• **EXERCISE**
When you copy from the entries that follow, take only the lines from the one with "Happiness İstanbul-Rotes kariertes" down to the one with "Bathroom Suite Vanity", keeping both ends and dropping every picture.
(DATA SHOWN begins)
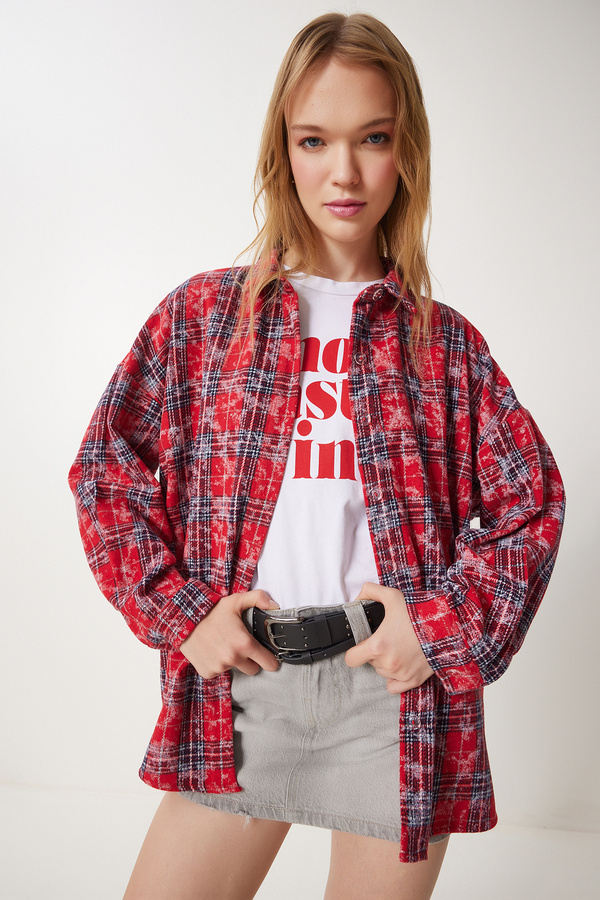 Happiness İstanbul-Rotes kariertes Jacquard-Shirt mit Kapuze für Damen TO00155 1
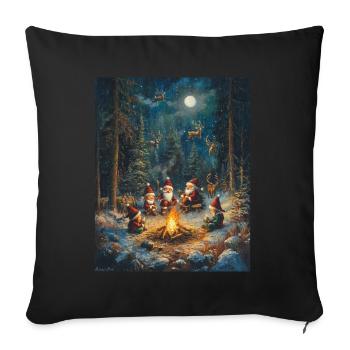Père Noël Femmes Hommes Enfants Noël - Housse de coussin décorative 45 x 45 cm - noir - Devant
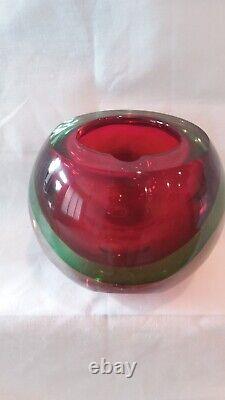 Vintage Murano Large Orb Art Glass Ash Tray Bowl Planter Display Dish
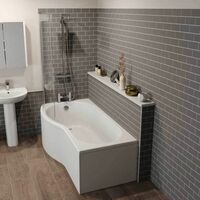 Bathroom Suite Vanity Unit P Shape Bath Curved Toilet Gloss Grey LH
(DATA SHOWN ends)
(DATA SHOWN begins)
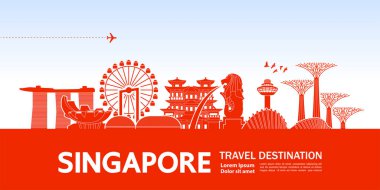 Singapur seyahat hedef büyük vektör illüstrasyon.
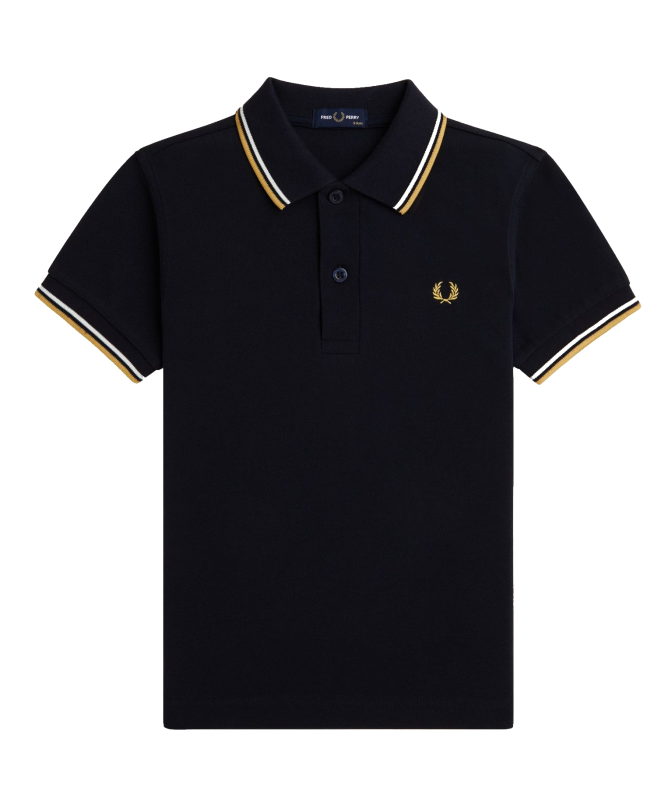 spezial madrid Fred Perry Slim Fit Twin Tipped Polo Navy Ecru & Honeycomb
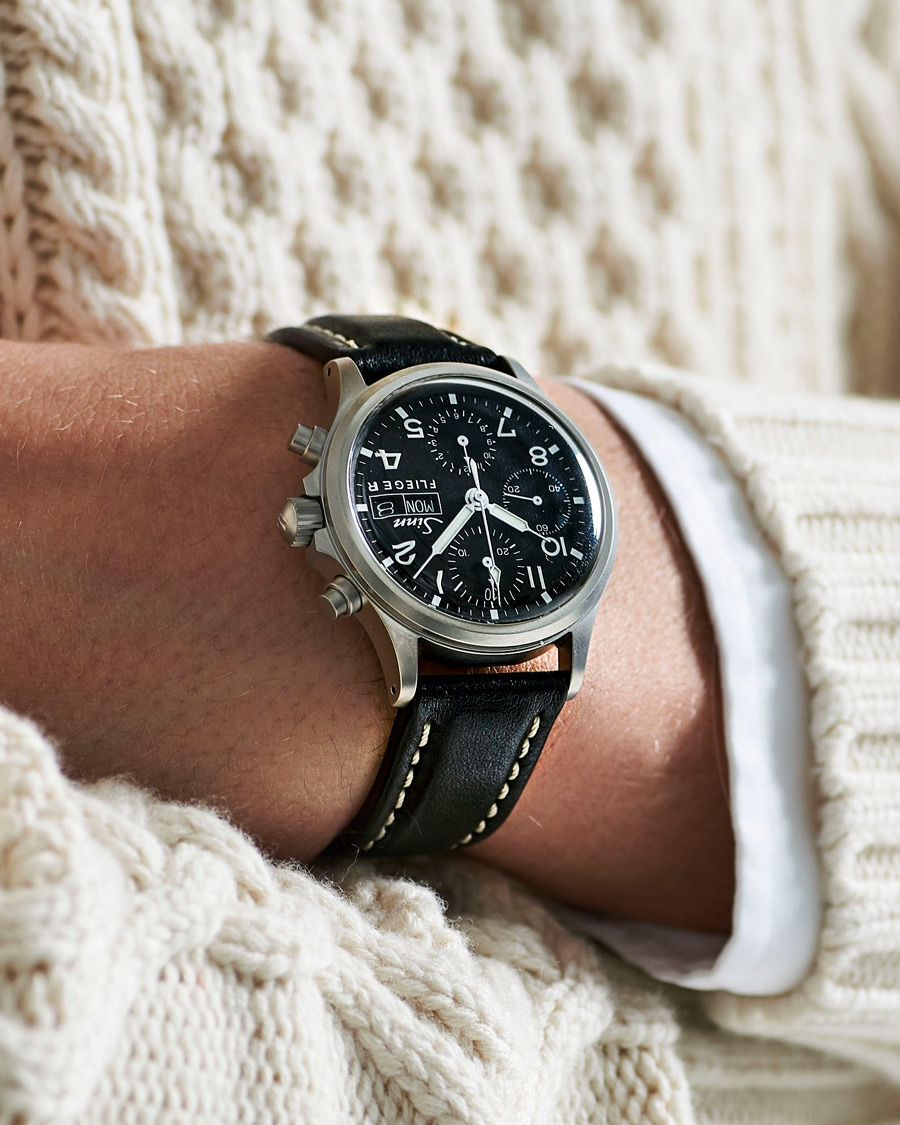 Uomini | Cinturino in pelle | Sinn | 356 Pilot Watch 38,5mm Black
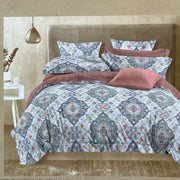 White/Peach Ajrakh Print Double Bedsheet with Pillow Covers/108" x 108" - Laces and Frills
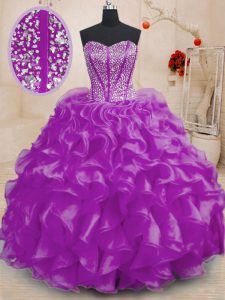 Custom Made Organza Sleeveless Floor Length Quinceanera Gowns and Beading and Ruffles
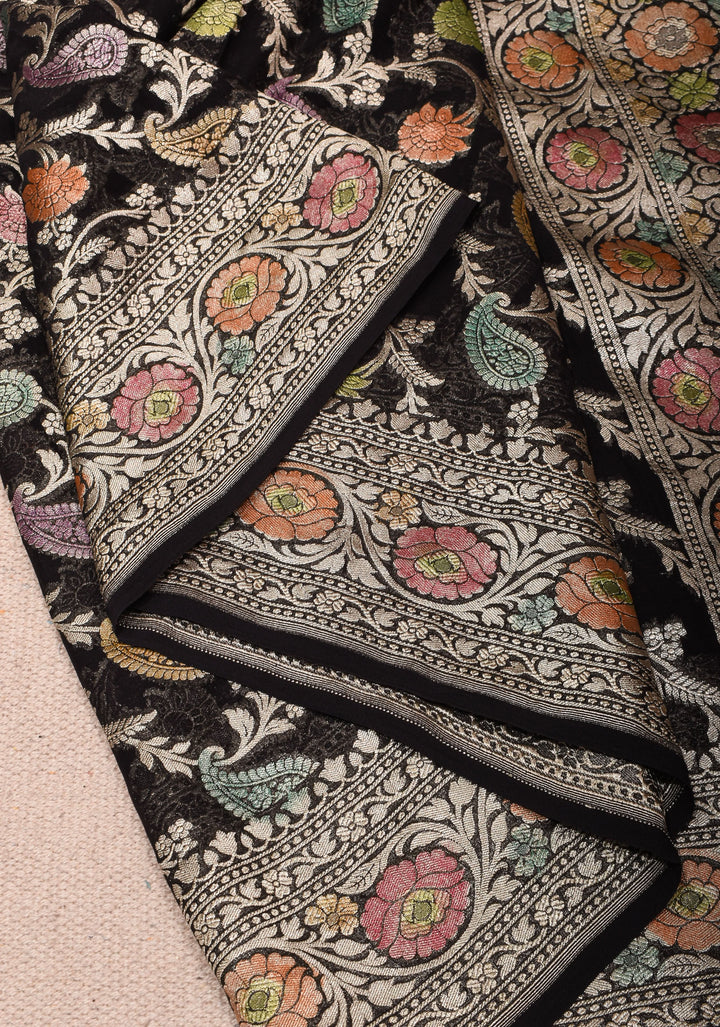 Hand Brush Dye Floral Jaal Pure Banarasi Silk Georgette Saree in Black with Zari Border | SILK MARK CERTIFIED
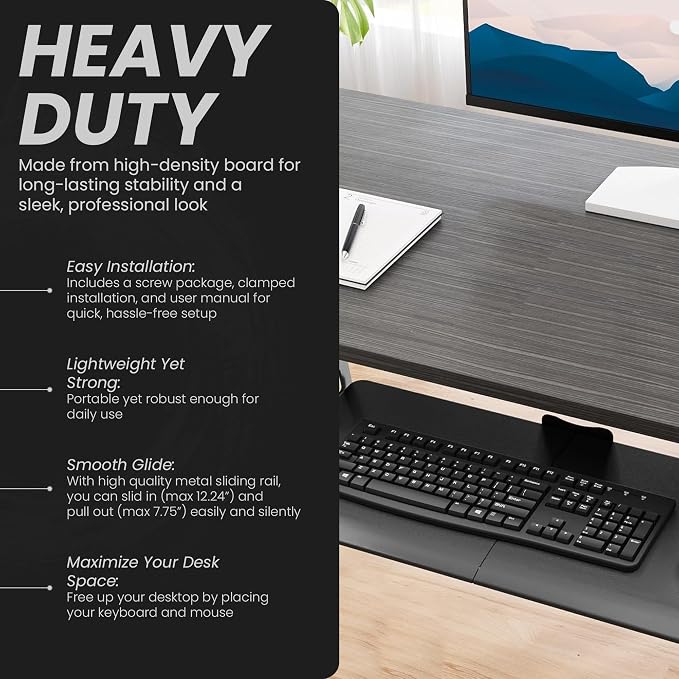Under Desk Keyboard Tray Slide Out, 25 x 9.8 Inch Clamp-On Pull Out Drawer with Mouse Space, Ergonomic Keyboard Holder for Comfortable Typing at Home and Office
(DATA SHOWN ends)
• **SOLUTION BELOW**
 Happiness İstanbul-Rotes kariertes Jacquard-Shirt mit Kapuze für Damen TO00155 1
Père Noël Femmes Hommes Enfants Noël - Housse de coussin décorative 45 x 45 cm - noir - Devant
 Vintage Murano Large Orb Art Glass Ash Tray Bowl Planter Display Dish
 Bathroom Suite Vanity Unit P Shape Bath Curved Toilet Gloss Grey LH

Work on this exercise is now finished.